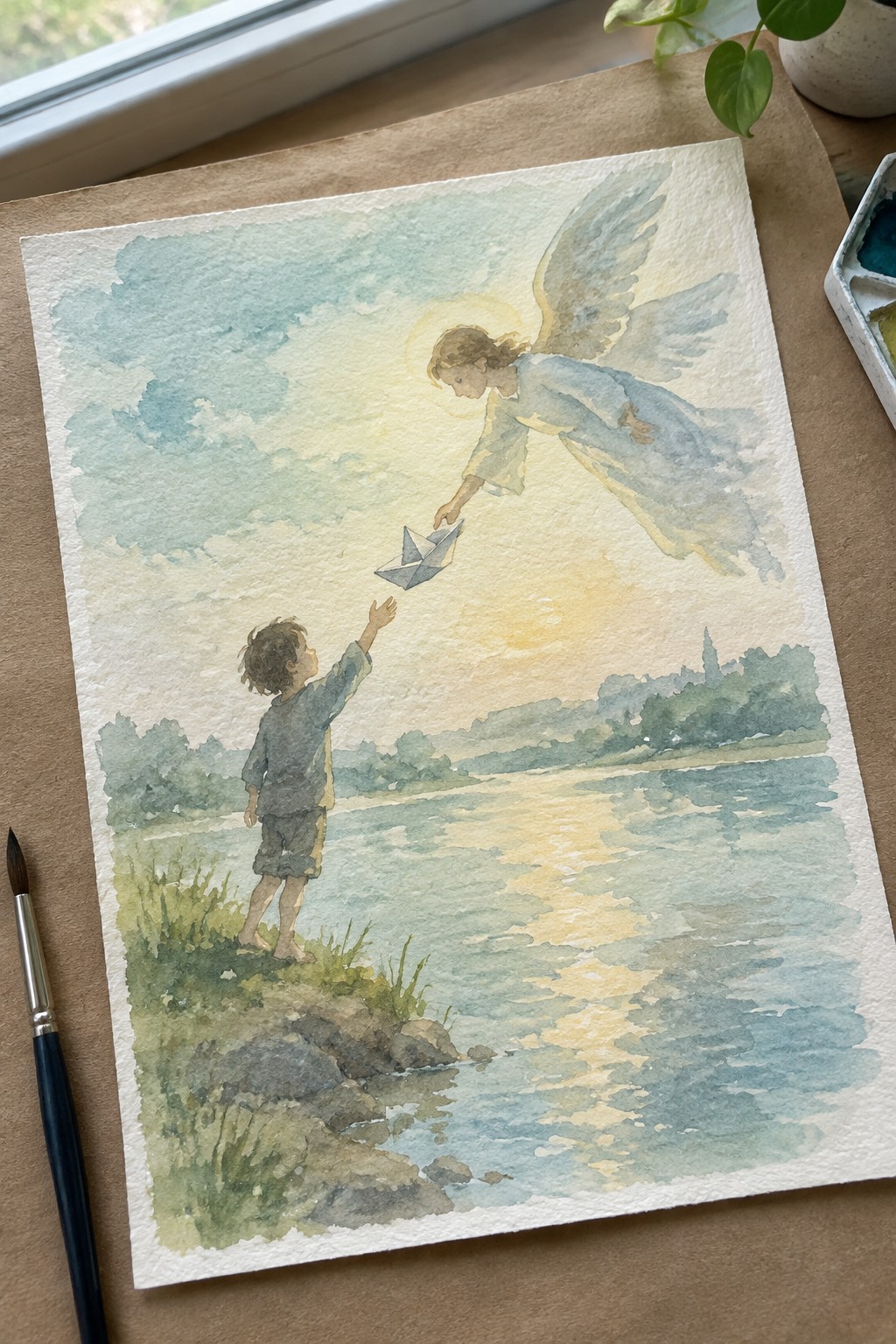 Watercolor painting of boy on riverbank reaching for paper boat from winged angel.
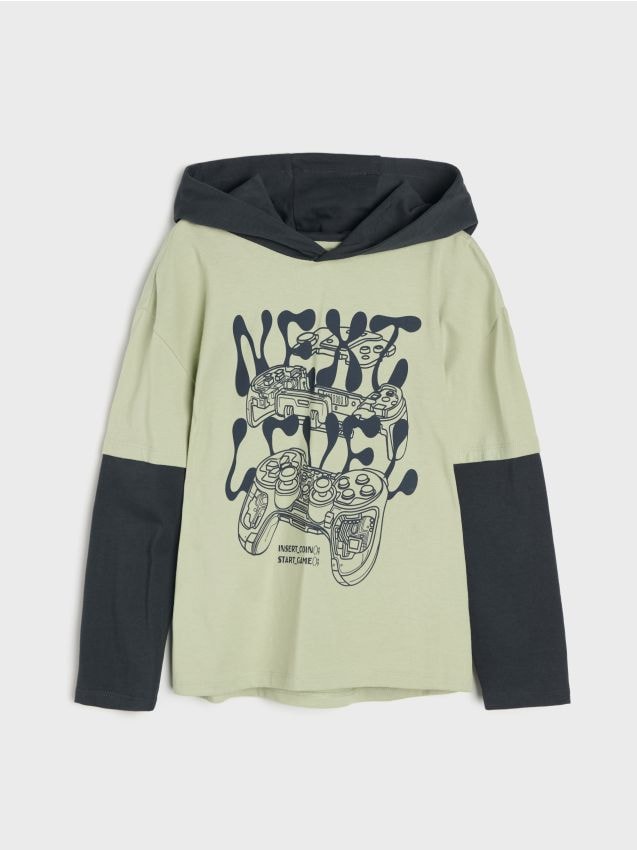 Sinsay - Tricou din bumbac cu glugă și motiv gaming - verde-oliv deschis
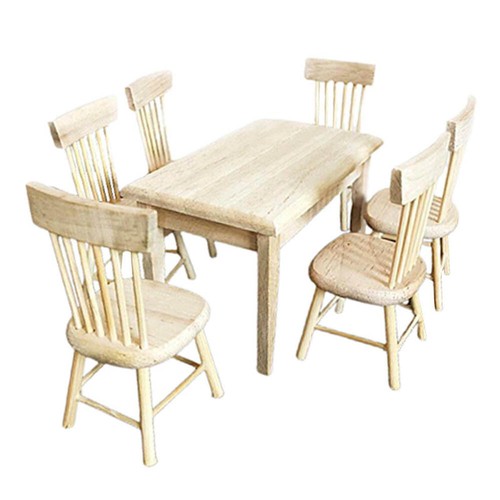 1:12 Dollhouse Miniature 4x Chair / 6x Chair Table Furniture Decoration Ornament - Picture 11 of 25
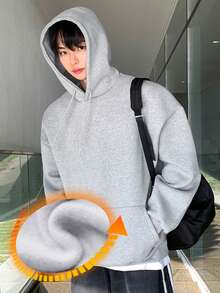 DAZY 男士纯色抽绳连帽落肩运动衫，秋装 - 灰色 - 查看 4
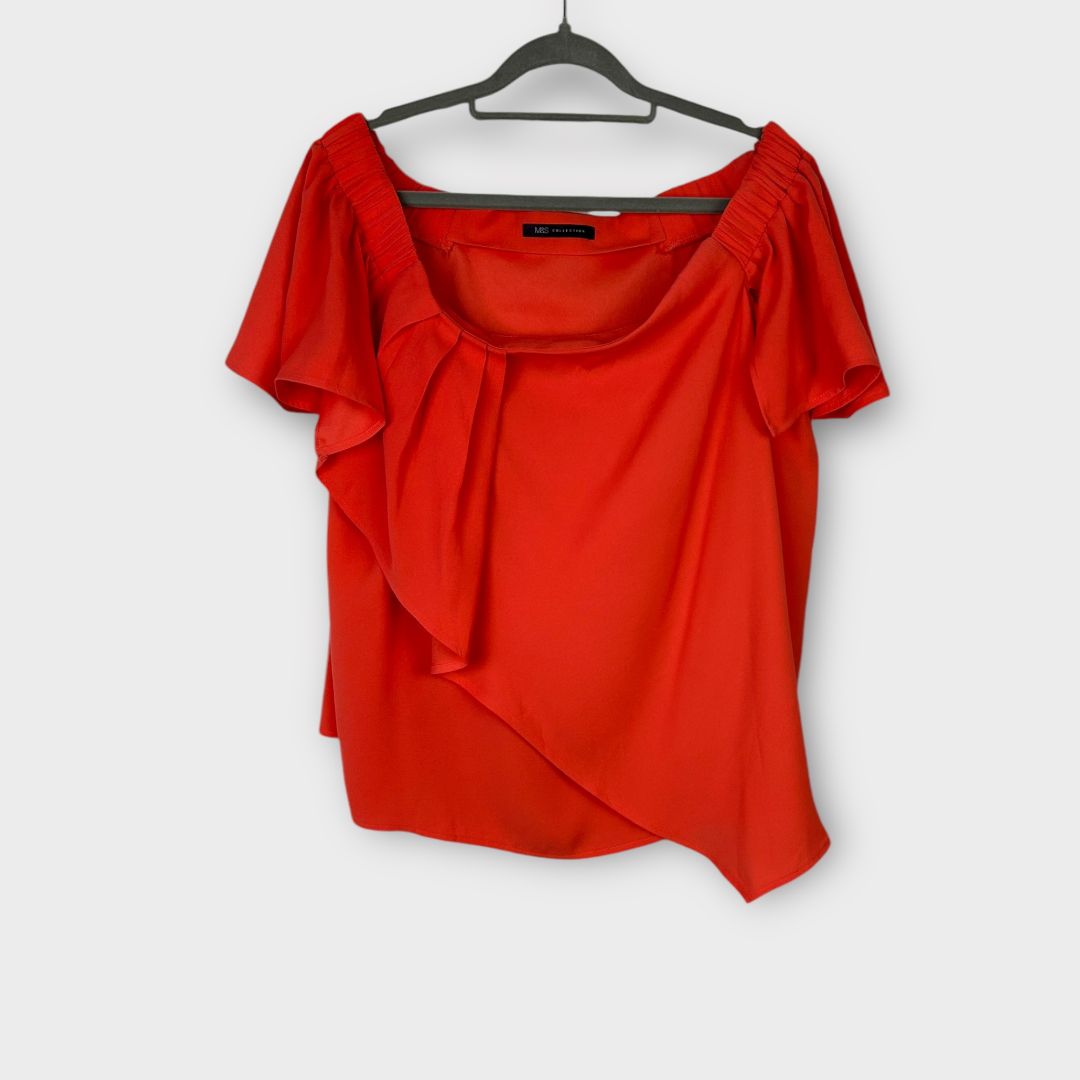 M&amp;S Ruffle Bardot Top - 18
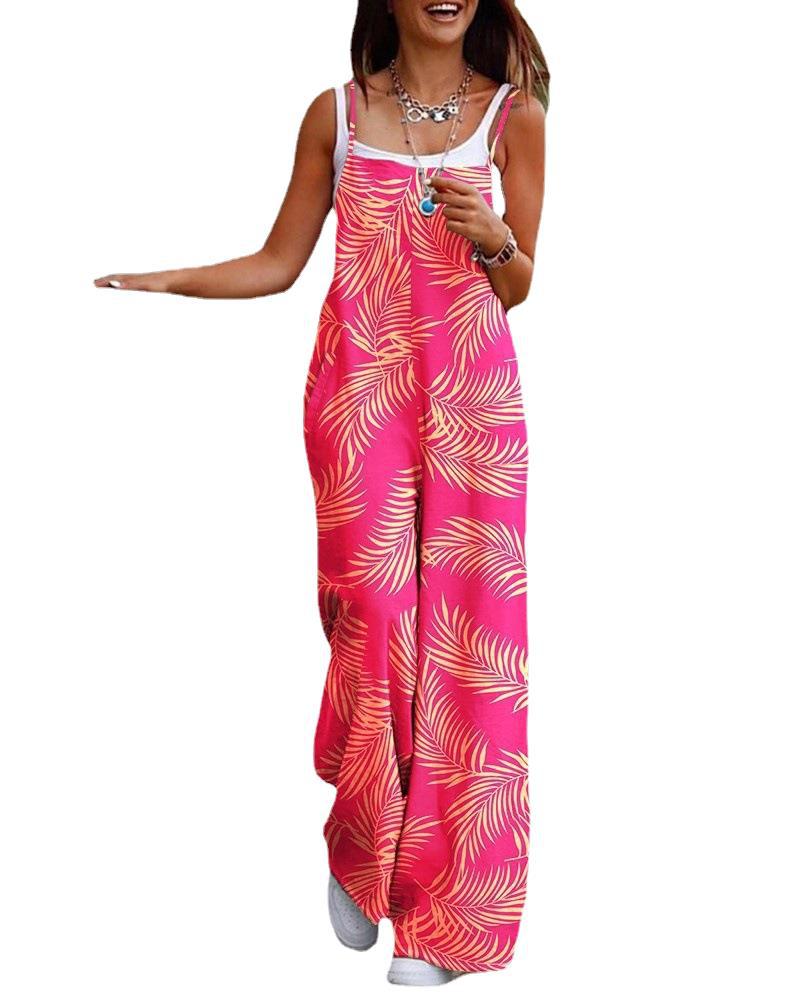 Women's Fashion Printed Sling Pocket Wide Leg Jumpsuits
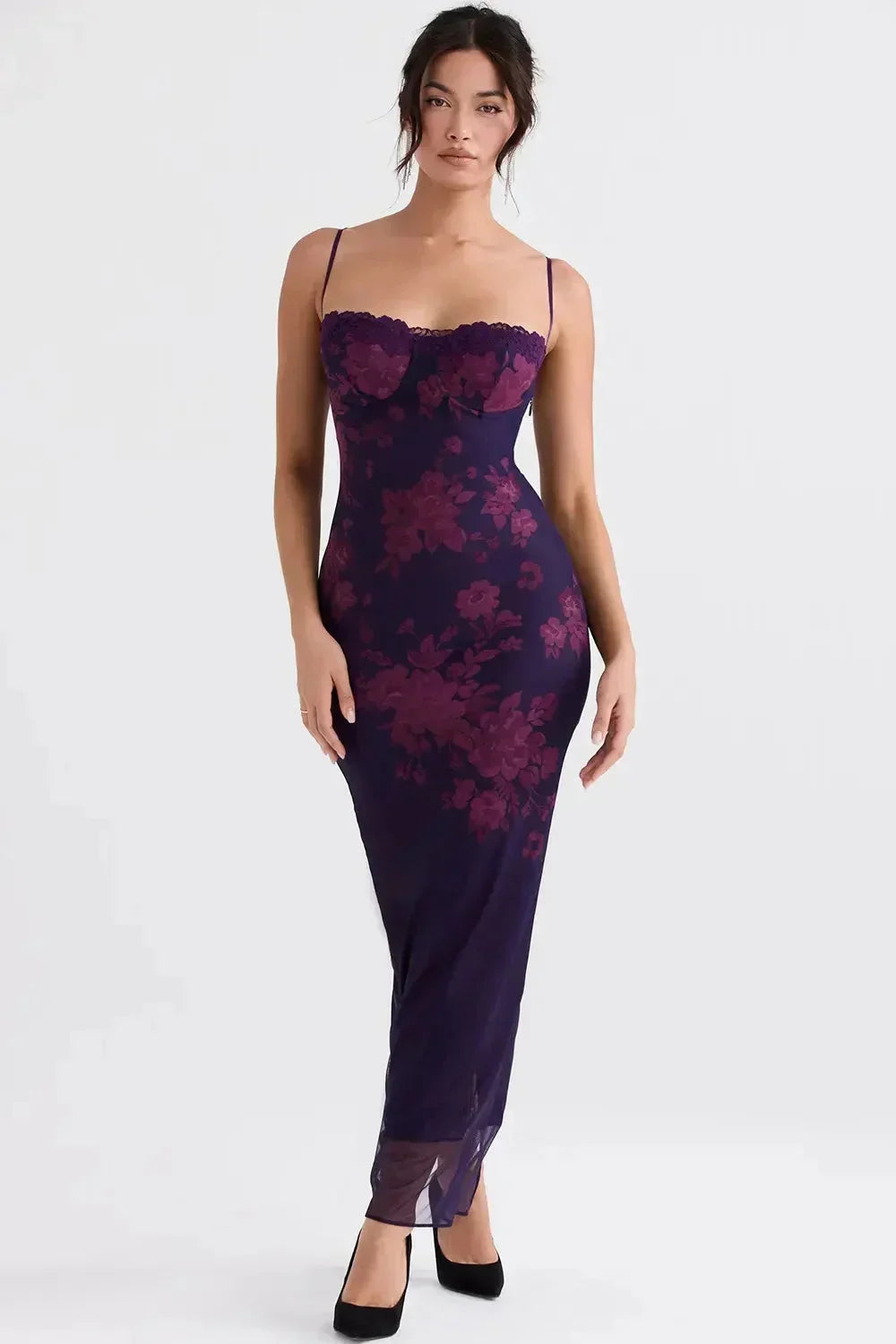 Rochie maxi de seară pentru femei, cu imprimeu floral și decolteu în formă de inimă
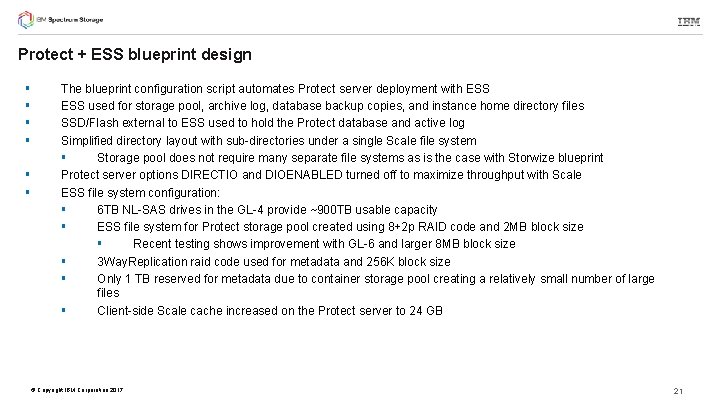 Protect + ESS blueprint design § § § The blueprint configuration script automates Protect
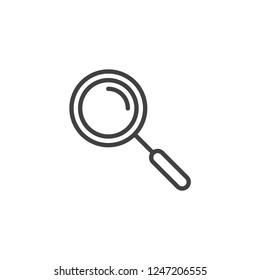 Magnifying glass outline icon. linear style sign for mobile concept and web design. Magnifier search simple line vector icon. Symbol, logo illustration. Pixel perfect vector graphics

-*-

WHAT THIS TASK INVOLVES:
Reprint the entries above exactly, images removed.

SOLUTION FOR THIS EXERCISE:
 Watercolor painting of boy on riverbank reaching for paper boat from winged angel.
 Sinsay - Tricou din bumbac cu glugă și motiv gaming - verde-oliv deschis
 1:12 Dollhouse Miniature 4x Chair / 6x Chair Table Furniture Decoration Ornament - Picture 11 of 25
 DAZY 男士纯色抽绳连帽落肩运动衫，秋装 - 灰色 - 查看 4
 M&amp;S Ruffle Bardot Top - 18
 Women's Fashion Printed Sling Pocket Wide Leg Jumpsuits
 Rochie maxi de seară pentru femei, cu imprimeu floral și decolteu în formă de inimă
 Protect + ESS blueprint design § § § The blueprint configuration script automates Protect
 Magnifying glass outline icon. linear style sign for mobile concept and web design. Magnifier search simple line vector icon. Symbol, logo illustration. Pixel perfect vector graphics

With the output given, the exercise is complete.